Tools for the management of log data

Why include logs?

Yes, it is a lot of data. Yes, it is coming from a lot of sources. Most of what you will be working with will be log and app server data, but there is no reason why these same tools cannot be used for database logs, telnet logs, etc...

Microsoft LogParser

Microsoft Logparser is a swiss army knife for a piece of wood, where the piece of wood is your log. It uses a quite expressive SQL grammar to query files. I use this tool when I am operating on single logs or multiple logs of the same format where I need common information out of each log, such as examining the logs of all web servers behind a load balancer for summary information which can tell me about the configuration of the load balancer as well as information about the configuration of the web server and the content distribution network (CDN) management. It works quite well.

Support for a wide variety of web file formats is included by default and some graphical visualization is available. It is also one of the highest value offerings from Microsoft with the pricetag of $0.00 USD. You simply cannot beat that. This is my go to tool for looking at data from individual server logs in a performance test

Now come the cons on logparser

You can use the tool on a scheduled basis with batch files, but it is really designed to be a manual tool. Unless you augment the tool with a database where you import the information you will be out of luck for long term trend information. IT also only works on one file at a time. You cannot relate two or more files together for a complex view of the data. It's extensibility for new or custom log formats is low requiring all sorts of custom coding to handle distinct log file formats.

I have been known to combine the output of logparser with LaTeX for all sorts of custom reporting and graphs, even so far as to augment the default graphs of the LoadRunner web report. If you need some reporting magic sauce like this then drop me a note here and I will send you a whole set of links for the reporting tool chain.

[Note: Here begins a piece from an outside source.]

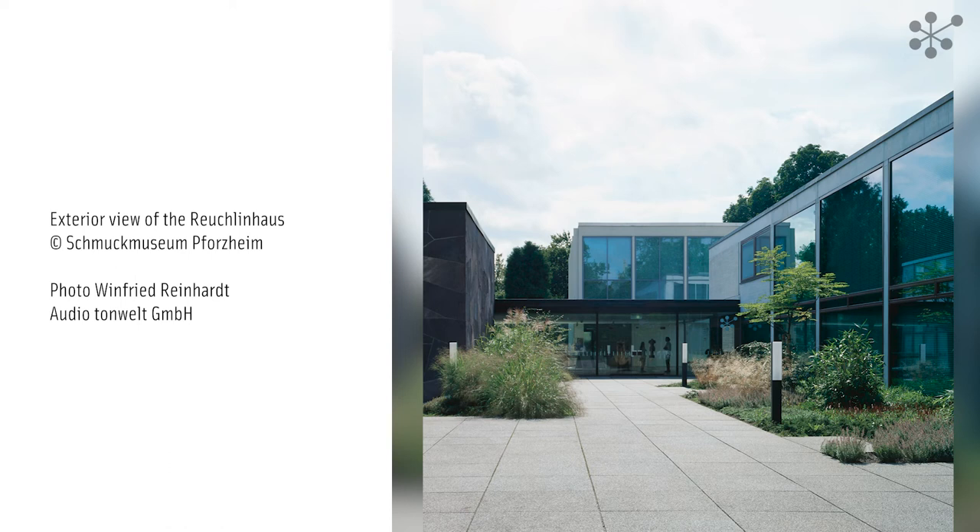Since the remodelling of the Reuchlinhaus, this wing has accommodated the jewellery museum's modern collection, as well as the museum shop and a café.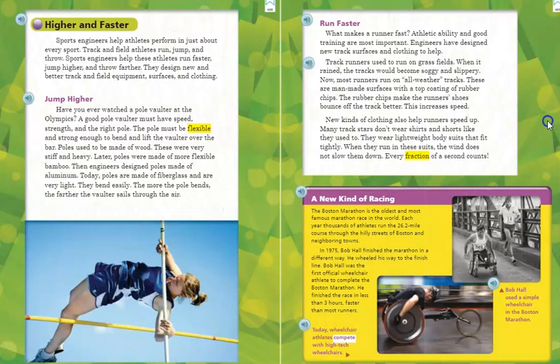What makes a runner fast? Athletic ability and good training are most important, but engineers have also designed new track surfaces and clothing to help. Track runners used to run on grass fields. When it rained, the tracks would become soggy and slippery. Now, most runners run on all-weather tracks — man-made surfaces with a top coating of rubber chips. The rubber chips make the runner's shoes bounce off the track better, increasing speed. New kinds of clothing also help runners speed up. Many track stars wear lightweight bodysuits that fit tightly. When they run in these suits, the wind does not slow them down. Every fraction of a second counts.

You can go here to download a copy of logparser for your use.

Splunk and Splunk Storm

You can probably tell, I am really fond of Microsoft Logparser, but there are some things that it just does not do very well. The trend information is clearly one of those items, along with data visualization over time. Splunk />Another one that Logparser does not allow for at all is relating additional files to your log for more detailed analysis. There are also the extensibility issues and tracking common items across multiple log formats. For this I turn to Splunk.

For those of you who are unfamiliar with Splunk, think of it as a server based solution for log parsing and display of information in chart and graph form which really addresses all of the weaknesses of Logparser. If Logparser was the cool nerdy kid with the calculator on the beach, Splunk would be same kid after graduating from MIT and spending a couple of years working with Charles Atlas. Sure, some common elements but a world apart in capability.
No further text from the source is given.